In order to determine whether (redacted) or the partnerships would be required to file a Notification and Report Form for Certain Mergers and Acquisitions in respect of the acquisition of the Common Stock by (redacted) I call [sic] Patrick Sharpe, a staff attorney with the Federal Trade Commission , on February 8, 1984. According to Mr. Sharpe, the Federal Trade Commission takes the informal position that a partnership is its own ultimate parent entity; so long as no single partnership exceeds the threshold established for reporting acquisitions of securities under the Hart-Scott-Rodino Antitrust Improvements Act of 1976, no such report need be made. Based on Mr. Sharpes advice, the holdings of the three partnerships are not aggregated and, consequently, no Notification and Report Form is being field with respect to this acquisition.
Very truly yours,
(redacted)
cc: Patrick Sharpe, Esq.
(redacted)
February 15, 1984
Wayne Kaplan, Esquire
Premerger Notification Office
Federal Trade Commission
Room 301
6th & Pensylvania Ave., N.W.
Washington, D.C. 20580
Dear Mr. Kaplan:
This letter will confirm the oral advice you provided to me over the telephone last Thrusday and Friday, February 9 and 10. I outlined the following transaction:
A (a corporation with sales in excess of $100 million), B and C will form a new corporation, X, for the purpose of effecting a leveraged buyout, for approximately $17 million, of assets of D, a corporation with sales and assets in excess of $100 million. X will have assets substantially less than $10 million, apart from the funds to be used to pay the acquisition price. A, B and C will each hold one-third of the voting stock of X. A will manage the operations of X and, in the management contract, will receive the right to designate 50% of the members of the board of directors of X.

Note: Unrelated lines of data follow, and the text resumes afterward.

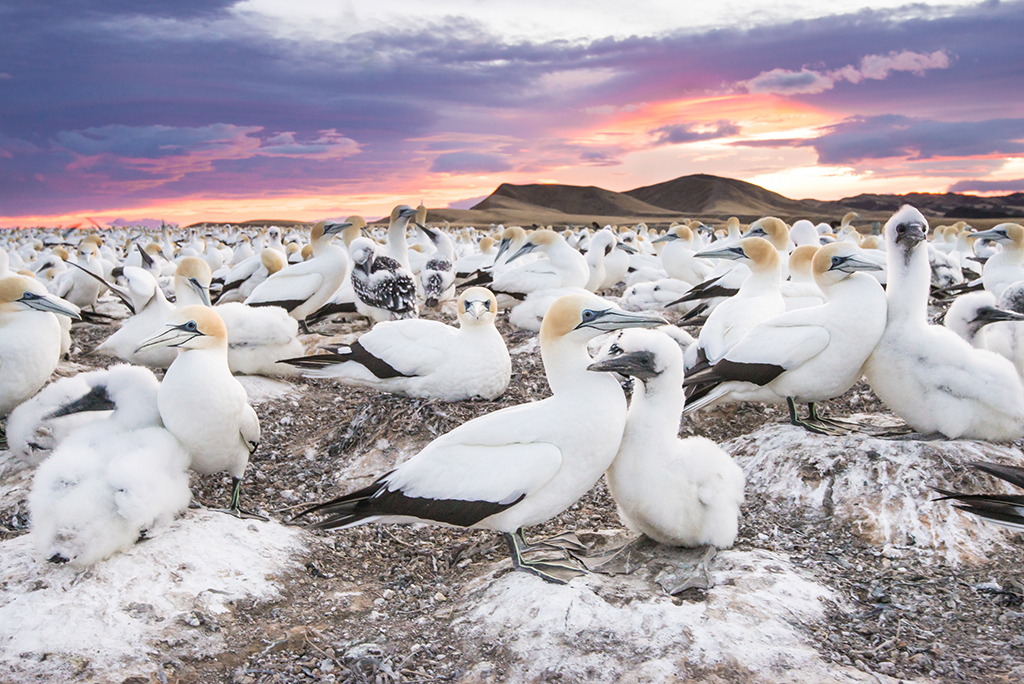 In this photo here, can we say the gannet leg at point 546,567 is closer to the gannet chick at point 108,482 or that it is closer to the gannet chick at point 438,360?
the gannet chick at point 108,482

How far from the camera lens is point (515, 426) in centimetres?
331

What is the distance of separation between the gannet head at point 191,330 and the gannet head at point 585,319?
1.99m

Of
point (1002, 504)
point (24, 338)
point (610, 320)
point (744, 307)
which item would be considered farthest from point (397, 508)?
point (24, 338)

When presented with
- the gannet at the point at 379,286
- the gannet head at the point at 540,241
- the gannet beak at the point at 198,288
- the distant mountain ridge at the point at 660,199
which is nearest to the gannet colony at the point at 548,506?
the gannet beak at the point at 198,288

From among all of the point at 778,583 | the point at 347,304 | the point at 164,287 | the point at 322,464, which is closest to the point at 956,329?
the point at 778,583

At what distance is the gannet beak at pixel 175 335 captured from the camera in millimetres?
4090

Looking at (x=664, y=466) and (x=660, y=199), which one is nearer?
(x=664, y=466)

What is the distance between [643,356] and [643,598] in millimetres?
1000

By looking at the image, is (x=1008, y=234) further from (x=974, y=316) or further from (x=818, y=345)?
(x=818, y=345)

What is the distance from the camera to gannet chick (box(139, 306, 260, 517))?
3965 mm

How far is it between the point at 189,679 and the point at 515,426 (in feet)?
5.15

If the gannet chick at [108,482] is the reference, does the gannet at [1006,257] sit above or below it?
above

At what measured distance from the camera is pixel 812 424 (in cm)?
460

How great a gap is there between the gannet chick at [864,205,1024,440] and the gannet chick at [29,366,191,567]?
3862mm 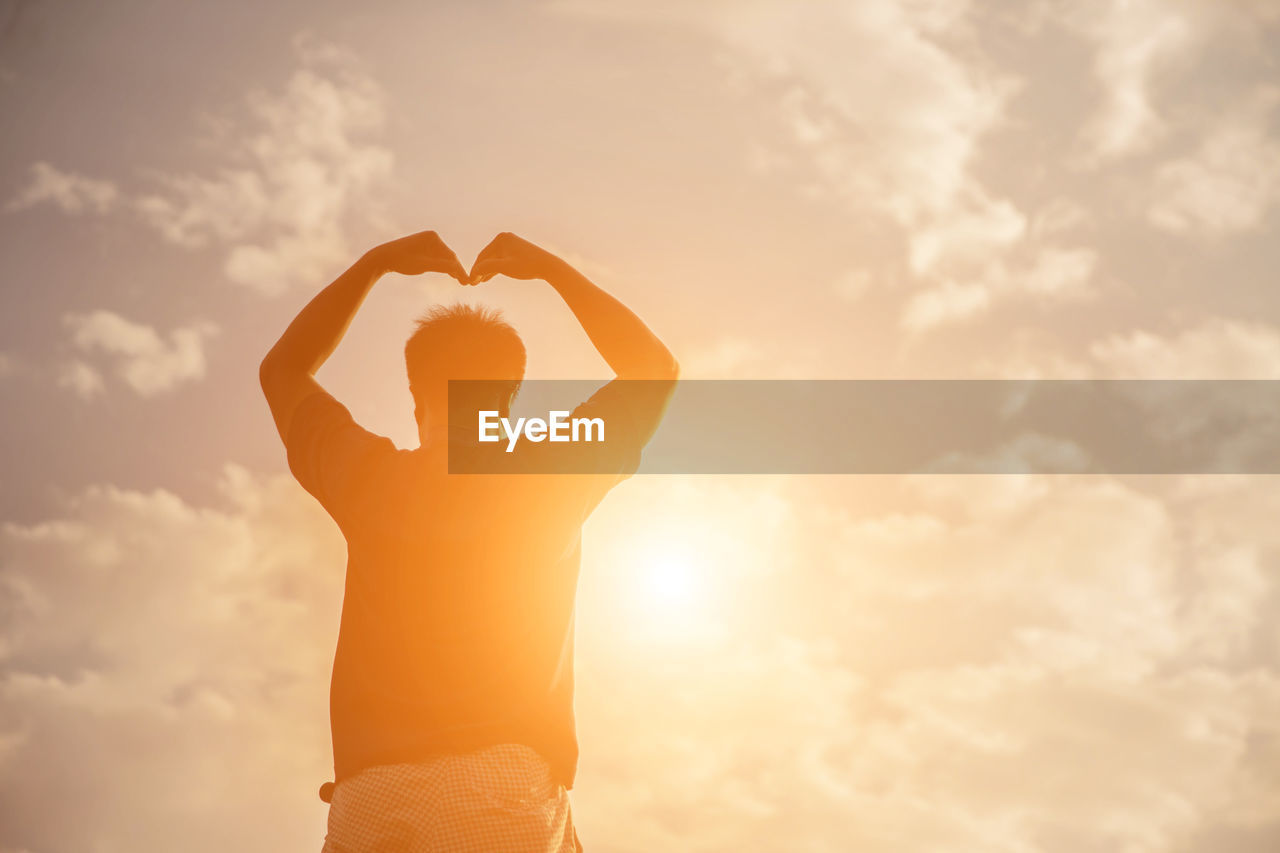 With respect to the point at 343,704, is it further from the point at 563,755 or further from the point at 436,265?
the point at 436,265

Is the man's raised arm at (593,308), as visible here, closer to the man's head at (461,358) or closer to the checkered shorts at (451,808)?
the man's head at (461,358)

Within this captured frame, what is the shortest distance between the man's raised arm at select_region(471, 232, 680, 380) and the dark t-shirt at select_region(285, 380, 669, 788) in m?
0.41

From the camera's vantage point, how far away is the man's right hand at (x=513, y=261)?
3.89 metres

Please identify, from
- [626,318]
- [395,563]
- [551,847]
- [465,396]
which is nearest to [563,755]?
[551,847]

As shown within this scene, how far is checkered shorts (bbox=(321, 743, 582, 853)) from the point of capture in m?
2.91

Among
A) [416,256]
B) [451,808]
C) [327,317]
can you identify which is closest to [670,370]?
[416,256]

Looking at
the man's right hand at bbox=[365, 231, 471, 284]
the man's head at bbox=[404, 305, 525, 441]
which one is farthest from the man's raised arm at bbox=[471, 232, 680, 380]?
the man's head at bbox=[404, 305, 525, 441]

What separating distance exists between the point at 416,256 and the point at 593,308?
0.79 m

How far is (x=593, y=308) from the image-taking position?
373cm

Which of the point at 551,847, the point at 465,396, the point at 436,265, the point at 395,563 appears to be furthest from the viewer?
the point at 436,265

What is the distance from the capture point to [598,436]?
339cm

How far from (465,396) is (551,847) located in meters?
1.58

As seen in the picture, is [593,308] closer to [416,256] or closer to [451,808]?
[416,256]

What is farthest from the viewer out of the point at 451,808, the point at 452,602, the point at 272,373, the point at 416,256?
the point at 416,256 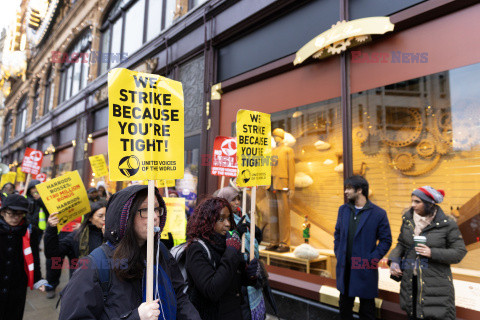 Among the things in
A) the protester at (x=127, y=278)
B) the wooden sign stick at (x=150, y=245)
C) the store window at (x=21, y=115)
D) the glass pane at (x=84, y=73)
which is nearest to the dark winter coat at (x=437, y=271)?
the protester at (x=127, y=278)

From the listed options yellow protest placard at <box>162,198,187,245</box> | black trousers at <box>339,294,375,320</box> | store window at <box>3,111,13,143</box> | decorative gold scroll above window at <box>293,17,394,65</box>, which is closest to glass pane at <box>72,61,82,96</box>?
yellow protest placard at <box>162,198,187,245</box>

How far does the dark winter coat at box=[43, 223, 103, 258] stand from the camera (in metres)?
3.36

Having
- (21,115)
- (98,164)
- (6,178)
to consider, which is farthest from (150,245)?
(21,115)

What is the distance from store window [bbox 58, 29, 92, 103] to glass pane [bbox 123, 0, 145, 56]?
3802 mm

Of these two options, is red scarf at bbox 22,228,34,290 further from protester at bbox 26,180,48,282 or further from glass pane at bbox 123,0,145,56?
glass pane at bbox 123,0,145,56

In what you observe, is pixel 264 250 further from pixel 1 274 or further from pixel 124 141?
pixel 124 141

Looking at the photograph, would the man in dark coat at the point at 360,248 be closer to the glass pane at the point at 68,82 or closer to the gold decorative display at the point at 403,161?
the gold decorative display at the point at 403,161

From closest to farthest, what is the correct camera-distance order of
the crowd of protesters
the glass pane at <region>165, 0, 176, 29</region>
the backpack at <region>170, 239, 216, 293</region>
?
the crowd of protesters
the backpack at <region>170, 239, 216, 293</region>
the glass pane at <region>165, 0, 176, 29</region>

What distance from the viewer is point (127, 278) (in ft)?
5.09

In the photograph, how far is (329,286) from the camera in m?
4.64

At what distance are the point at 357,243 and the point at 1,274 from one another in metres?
3.98

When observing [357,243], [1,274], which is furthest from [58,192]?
[357,243]

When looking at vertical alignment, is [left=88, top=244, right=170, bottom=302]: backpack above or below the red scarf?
above

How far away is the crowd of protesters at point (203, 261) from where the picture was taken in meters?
1.51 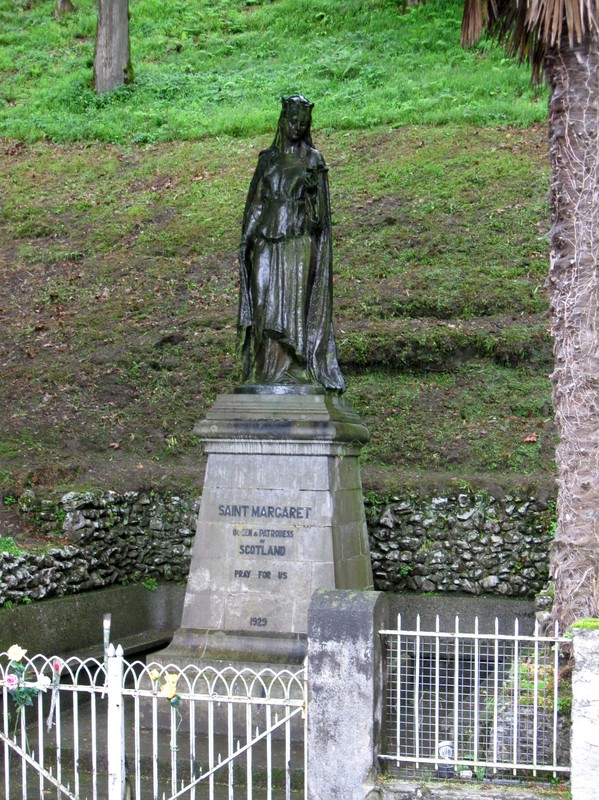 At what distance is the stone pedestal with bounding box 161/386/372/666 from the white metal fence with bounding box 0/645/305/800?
44cm

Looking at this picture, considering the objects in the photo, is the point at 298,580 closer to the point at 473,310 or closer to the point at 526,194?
the point at 473,310

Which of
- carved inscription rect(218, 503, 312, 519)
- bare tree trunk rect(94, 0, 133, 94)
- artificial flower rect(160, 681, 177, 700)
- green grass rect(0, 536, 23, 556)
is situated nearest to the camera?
artificial flower rect(160, 681, 177, 700)

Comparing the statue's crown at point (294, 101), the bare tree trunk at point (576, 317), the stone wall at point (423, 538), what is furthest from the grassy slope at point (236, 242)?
the bare tree trunk at point (576, 317)

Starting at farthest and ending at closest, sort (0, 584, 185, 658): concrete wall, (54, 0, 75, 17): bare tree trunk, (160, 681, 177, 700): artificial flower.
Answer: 1. (54, 0, 75, 17): bare tree trunk
2. (0, 584, 185, 658): concrete wall
3. (160, 681, 177, 700): artificial flower

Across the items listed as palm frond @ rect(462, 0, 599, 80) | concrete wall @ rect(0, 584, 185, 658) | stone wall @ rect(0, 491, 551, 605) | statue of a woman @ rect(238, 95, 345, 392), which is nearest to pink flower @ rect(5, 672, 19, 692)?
concrete wall @ rect(0, 584, 185, 658)

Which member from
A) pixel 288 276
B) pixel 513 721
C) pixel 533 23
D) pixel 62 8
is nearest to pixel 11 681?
pixel 513 721

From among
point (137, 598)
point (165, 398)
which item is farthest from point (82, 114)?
point (137, 598)

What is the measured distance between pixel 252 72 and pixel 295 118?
748 inches

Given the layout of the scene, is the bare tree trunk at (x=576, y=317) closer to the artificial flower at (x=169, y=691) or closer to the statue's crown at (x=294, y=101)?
the artificial flower at (x=169, y=691)

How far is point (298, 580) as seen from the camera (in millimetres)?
8180

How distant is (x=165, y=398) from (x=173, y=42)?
19.1m

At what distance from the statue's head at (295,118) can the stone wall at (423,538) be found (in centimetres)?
398

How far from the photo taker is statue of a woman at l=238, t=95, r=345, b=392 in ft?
29.0

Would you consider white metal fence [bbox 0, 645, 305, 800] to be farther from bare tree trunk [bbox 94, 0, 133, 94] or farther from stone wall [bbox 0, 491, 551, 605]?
bare tree trunk [bbox 94, 0, 133, 94] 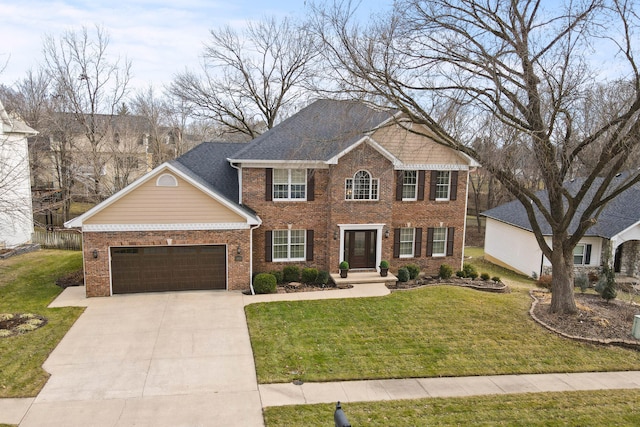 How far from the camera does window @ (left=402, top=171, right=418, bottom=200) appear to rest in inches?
779

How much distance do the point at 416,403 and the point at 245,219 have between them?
966cm

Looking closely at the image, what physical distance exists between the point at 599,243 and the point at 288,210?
58.4 ft

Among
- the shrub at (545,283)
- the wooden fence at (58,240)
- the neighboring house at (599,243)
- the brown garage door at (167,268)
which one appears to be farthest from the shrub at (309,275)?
the wooden fence at (58,240)

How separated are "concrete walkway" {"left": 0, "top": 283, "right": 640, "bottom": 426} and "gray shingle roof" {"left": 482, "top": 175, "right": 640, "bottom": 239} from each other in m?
15.4

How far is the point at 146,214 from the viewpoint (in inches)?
627

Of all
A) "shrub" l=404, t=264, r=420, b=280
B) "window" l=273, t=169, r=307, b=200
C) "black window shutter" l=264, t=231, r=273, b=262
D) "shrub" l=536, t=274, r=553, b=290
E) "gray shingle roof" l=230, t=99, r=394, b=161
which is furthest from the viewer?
"shrub" l=536, t=274, r=553, b=290

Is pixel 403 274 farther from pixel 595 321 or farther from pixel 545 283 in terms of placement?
pixel 545 283

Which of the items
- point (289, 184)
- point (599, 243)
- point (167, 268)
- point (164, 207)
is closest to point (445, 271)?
point (289, 184)

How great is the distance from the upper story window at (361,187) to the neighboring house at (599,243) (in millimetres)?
11371

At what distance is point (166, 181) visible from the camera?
15.9 meters

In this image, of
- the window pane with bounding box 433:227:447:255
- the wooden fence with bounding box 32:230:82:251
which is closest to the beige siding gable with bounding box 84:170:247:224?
the window pane with bounding box 433:227:447:255

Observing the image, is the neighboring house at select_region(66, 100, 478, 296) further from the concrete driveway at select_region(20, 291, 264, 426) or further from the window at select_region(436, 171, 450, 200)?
the concrete driveway at select_region(20, 291, 264, 426)

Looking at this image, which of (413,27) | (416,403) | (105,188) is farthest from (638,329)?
(105,188)

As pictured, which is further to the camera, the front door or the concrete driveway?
the front door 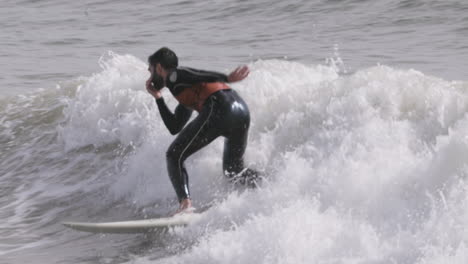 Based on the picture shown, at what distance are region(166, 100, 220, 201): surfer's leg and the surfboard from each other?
0.55ft

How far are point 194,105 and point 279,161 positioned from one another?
38.1 inches

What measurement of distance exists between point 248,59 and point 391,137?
7.42m

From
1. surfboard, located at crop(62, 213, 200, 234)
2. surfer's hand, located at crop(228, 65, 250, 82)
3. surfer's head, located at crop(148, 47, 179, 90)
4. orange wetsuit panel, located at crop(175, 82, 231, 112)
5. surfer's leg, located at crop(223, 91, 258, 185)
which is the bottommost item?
surfboard, located at crop(62, 213, 200, 234)

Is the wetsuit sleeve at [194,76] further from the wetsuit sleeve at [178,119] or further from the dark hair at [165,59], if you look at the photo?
the wetsuit sleeve at [178,119]

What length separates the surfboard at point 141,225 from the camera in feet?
21.7

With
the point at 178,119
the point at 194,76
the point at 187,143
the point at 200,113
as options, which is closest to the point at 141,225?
the point at 187,143

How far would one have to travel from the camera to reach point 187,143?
663 centimetres

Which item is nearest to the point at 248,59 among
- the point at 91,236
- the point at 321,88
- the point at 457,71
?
the point at 457,71

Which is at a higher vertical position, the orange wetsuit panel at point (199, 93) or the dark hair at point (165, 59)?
the dark hair at point (165, 59)

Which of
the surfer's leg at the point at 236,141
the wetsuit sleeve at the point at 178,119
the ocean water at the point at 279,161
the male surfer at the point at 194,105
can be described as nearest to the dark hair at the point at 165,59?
the male surfer at the point at 194,105

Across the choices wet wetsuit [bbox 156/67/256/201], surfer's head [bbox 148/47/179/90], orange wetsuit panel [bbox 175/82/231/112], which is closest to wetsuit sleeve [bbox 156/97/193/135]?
wet wetsuit [bbox 156/67/256/201]

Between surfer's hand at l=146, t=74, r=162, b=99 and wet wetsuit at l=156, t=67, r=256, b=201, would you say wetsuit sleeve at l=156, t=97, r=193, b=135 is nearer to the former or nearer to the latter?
wet wetsuit at l=156, t=67, r=256, b=201

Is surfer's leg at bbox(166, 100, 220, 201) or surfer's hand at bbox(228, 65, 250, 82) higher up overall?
surfer's hand at bbox(228, 65, 250, 82)

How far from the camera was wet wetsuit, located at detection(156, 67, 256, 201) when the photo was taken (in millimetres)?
6605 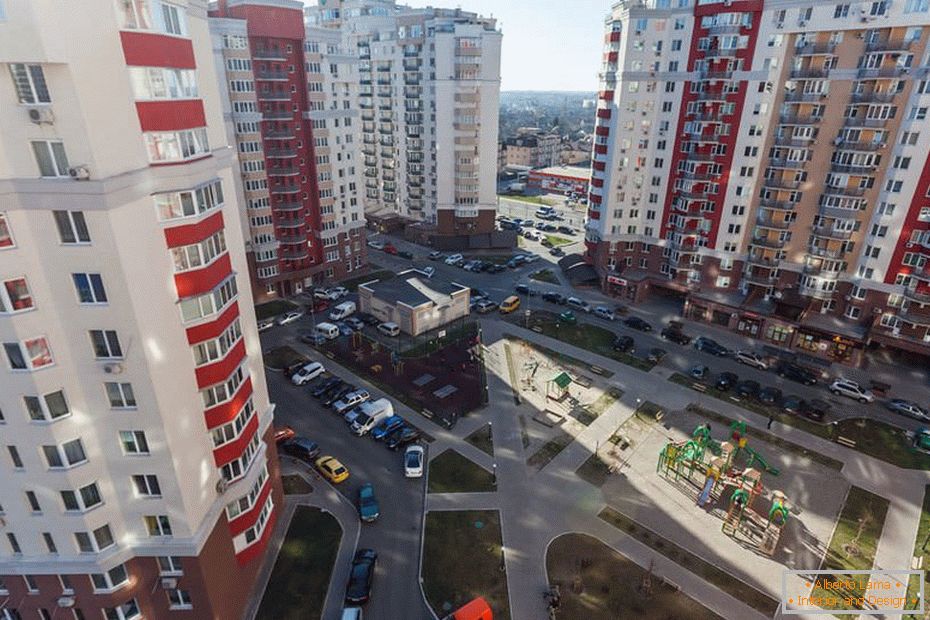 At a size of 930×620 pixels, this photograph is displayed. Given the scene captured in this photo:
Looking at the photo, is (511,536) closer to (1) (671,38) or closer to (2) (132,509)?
(2) (132,509)

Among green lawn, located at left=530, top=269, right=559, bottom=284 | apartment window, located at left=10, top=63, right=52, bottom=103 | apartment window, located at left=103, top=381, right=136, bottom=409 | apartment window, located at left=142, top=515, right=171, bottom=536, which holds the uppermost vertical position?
apartment window, located at left=10, top=63, right=52, bottom=103

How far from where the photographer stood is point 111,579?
27.5 meters

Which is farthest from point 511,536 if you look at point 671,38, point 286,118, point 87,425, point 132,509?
point 671,38

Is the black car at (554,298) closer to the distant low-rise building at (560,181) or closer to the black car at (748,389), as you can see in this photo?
the black car at (748,389)

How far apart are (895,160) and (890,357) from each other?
2448cm

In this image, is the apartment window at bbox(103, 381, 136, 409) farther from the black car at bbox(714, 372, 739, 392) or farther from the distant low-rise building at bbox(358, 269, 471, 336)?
the black car at bbox(714, 372, 739, 392)

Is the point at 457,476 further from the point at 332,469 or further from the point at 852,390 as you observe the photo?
the point at 852,390

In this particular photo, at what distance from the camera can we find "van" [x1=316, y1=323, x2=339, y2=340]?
2692 inches

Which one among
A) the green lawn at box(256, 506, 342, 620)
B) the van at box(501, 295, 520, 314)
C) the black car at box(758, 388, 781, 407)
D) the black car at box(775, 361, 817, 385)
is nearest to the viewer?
the green lawn at box(256, 506, 342, 620)

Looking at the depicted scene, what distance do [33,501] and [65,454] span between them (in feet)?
12.2

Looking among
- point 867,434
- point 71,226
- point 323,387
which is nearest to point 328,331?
point 323,387

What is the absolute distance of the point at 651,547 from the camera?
38.4 meters

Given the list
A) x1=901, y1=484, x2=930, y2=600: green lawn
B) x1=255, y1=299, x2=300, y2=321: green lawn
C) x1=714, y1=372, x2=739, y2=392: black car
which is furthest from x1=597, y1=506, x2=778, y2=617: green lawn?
x1=255, y1=299, x2=300, y2=321: green lawn

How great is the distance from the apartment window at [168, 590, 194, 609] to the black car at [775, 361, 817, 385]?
63875mm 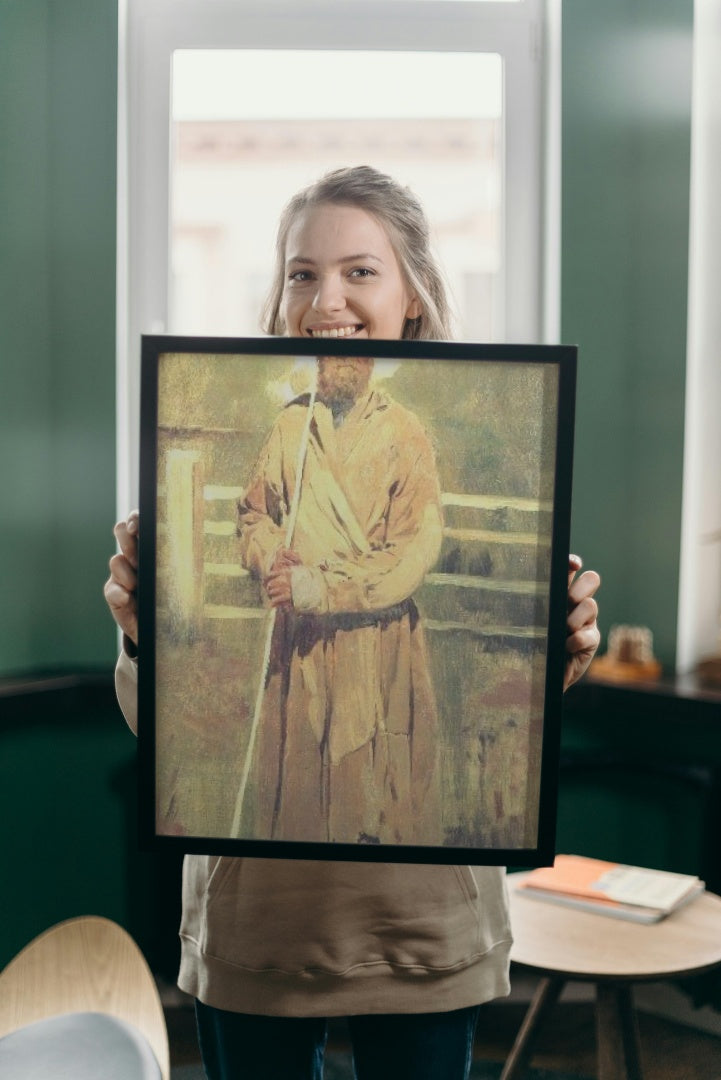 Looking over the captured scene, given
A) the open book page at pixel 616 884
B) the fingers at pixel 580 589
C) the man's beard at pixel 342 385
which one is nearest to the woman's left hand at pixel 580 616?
the fingers at pixel 580 589

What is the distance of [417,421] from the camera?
0.95m

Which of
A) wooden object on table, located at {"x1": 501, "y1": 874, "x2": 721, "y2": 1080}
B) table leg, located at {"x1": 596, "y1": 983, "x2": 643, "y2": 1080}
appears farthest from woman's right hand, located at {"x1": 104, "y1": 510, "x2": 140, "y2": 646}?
table leg, located at {"x1": 596, "y1": 983, "x2": 643, "y2": 1080}

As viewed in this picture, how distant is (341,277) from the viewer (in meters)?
1.12

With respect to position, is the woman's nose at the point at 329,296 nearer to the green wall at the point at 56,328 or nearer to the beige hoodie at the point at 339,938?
the beige hoodie at the point at 339,938

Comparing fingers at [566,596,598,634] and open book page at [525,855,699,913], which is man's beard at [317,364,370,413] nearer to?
fingers at [566,596,598,634]

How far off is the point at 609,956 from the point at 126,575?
1116mm

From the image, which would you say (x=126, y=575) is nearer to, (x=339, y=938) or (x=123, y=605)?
(x=123, y=605)

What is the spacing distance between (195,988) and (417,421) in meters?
0.63

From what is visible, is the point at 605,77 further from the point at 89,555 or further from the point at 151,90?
the point at 89,555

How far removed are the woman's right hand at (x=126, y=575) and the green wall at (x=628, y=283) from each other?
1.78 m

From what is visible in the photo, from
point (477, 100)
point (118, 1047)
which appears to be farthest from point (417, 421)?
point (477, 100)

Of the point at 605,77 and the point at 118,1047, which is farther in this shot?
the point at 605,77

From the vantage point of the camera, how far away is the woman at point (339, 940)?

You indicated to me your opinion that: (1) A will not control X because, under 16 C.F.R. 801.1(b), A will neither hold 50% or more of the voting stock of X, nor possess the contractual power to designate a majority of the members of Xs board of directors; (2) X is therefore its own ultimate parent entity; and (3) therefore the transction is not reportable because X does not meet the $10 million size of person test.
If the above does not accord with your advice please telephone me immediately.